_Data under study:_
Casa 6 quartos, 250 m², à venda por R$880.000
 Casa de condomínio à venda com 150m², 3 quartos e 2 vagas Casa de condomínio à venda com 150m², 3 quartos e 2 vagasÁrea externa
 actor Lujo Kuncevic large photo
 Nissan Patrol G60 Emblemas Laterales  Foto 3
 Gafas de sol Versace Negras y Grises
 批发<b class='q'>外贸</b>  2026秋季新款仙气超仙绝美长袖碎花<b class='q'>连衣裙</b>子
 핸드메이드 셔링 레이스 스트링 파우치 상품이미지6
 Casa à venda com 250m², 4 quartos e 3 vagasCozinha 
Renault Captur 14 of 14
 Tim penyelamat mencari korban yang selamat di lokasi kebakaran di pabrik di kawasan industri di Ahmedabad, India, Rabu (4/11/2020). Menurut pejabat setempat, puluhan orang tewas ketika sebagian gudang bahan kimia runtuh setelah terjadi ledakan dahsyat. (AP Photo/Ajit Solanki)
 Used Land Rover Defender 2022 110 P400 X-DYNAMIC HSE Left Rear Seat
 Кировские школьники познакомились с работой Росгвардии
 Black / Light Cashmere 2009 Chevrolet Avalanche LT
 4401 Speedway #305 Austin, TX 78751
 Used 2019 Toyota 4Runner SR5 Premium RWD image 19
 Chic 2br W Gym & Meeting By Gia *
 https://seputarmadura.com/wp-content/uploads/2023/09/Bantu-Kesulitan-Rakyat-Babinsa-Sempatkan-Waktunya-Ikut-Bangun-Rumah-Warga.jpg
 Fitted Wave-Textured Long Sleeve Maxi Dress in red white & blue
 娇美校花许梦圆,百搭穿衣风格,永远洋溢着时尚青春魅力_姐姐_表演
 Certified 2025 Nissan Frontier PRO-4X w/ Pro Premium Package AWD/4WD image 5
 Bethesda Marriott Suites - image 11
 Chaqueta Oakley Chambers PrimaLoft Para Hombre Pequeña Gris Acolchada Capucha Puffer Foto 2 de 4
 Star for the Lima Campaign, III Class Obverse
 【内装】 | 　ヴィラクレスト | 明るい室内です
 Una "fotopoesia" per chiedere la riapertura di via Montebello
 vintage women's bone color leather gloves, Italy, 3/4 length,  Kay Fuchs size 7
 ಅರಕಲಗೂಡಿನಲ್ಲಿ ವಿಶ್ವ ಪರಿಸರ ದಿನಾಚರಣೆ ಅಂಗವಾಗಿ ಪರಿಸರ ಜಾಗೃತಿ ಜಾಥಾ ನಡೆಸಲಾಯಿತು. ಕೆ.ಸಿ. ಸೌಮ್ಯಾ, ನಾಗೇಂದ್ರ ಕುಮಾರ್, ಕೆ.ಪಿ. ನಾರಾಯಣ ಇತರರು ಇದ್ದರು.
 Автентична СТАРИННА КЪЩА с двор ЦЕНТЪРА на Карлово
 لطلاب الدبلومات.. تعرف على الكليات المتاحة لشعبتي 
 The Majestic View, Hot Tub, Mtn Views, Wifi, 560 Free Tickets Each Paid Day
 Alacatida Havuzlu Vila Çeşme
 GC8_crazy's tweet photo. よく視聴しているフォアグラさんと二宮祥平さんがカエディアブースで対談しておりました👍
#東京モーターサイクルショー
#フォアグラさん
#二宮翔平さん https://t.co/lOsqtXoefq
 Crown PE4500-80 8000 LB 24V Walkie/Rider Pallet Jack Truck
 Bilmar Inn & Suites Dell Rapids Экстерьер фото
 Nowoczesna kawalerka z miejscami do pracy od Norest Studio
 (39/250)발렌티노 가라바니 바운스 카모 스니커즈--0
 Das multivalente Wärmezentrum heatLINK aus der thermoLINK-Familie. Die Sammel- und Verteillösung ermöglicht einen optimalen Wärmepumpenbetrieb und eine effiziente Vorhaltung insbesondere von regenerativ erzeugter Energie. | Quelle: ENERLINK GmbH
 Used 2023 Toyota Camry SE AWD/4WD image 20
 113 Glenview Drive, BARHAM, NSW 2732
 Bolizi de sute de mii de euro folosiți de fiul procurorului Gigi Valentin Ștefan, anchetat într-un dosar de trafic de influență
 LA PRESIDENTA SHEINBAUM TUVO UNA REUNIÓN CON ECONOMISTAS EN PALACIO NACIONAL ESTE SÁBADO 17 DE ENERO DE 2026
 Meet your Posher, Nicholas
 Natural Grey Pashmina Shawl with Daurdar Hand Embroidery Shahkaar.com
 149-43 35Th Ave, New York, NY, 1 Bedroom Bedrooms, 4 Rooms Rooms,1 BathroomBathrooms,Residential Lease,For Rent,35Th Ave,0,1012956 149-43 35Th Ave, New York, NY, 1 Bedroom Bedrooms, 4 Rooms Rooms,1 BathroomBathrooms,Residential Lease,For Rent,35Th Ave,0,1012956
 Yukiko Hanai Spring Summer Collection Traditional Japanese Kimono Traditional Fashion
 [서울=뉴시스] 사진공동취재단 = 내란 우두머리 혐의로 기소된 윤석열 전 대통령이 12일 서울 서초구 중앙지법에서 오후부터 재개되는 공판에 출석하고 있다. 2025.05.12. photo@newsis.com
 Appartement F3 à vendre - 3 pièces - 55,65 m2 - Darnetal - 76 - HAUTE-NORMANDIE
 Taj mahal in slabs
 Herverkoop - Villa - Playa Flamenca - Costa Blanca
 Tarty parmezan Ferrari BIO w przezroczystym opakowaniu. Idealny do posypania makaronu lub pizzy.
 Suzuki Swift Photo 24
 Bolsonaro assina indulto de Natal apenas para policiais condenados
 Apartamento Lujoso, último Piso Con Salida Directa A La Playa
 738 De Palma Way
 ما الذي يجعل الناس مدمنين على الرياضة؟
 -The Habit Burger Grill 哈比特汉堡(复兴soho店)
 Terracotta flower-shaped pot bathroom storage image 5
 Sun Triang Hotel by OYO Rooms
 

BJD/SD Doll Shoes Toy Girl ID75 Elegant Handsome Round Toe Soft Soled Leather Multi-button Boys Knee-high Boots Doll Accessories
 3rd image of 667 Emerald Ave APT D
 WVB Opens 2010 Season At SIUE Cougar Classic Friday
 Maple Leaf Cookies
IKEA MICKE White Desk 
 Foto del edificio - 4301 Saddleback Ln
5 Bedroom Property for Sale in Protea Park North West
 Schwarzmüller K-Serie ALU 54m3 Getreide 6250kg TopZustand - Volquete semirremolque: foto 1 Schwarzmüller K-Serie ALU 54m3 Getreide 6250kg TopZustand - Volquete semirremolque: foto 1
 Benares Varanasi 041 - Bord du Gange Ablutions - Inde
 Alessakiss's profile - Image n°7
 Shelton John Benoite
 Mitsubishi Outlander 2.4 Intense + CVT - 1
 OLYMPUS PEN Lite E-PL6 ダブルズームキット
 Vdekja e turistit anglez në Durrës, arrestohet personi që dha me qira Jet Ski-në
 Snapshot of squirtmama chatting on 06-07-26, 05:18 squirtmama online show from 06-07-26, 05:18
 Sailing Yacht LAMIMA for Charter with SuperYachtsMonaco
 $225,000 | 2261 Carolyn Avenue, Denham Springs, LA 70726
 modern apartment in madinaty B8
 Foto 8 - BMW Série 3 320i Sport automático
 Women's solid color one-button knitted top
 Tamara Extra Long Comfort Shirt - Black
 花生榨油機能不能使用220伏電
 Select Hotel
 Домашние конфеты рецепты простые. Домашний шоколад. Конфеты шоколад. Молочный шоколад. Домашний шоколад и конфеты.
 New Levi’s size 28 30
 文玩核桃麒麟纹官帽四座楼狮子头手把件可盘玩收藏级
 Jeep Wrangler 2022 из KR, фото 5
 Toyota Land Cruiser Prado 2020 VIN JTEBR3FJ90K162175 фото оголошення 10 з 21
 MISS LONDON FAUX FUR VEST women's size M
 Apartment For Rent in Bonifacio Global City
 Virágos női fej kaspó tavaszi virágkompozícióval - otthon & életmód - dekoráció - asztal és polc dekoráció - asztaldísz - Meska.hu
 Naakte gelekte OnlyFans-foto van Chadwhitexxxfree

_Problem to solve:_ Set down, unchanged, only those lines above that fall between the line with "Herverkoop - Villa" and the line with "IKEA MICKE White Desk", the two end lines included.

_Written reply:_
 Herverkoop - Villa - Playa Flamenca - Costa Blanca
 Tarty parmezan Ferrari BIO w przezroczystym opakowaniu. Idealny do posypania makaronu lub pizzy.
 Suzuki Swift Photo 24
 Bolsonaro assina indulto de Natal apenas para policiais condenados
 Apartamento Lujoso, último Piso Con Salida Directa A La Playa
 738 De Palma Way
 ما الذي يجعل الناس مدمنين على الرياضة؟
 -The Habit Burger Grill 哈比特汉堡(复兴soho店)
 Terracotta flower-shaped pot bathroom storage image 5
 Sun Triang Hotel by OYO Rooms
 

BJD/SD Doll Shoes Toy Girl ID75 Elegant Handsome Round Toe Soft Soled Leather Multi-button Boys Knee-high Boots Doll Accessories
 3rd image of 667 Emerald Ave APT D
 WVB Opens 2010 Season At SIUE Cougar Classic Friday
 Maple Leaf Cookies
IKEA MICKE White Desk 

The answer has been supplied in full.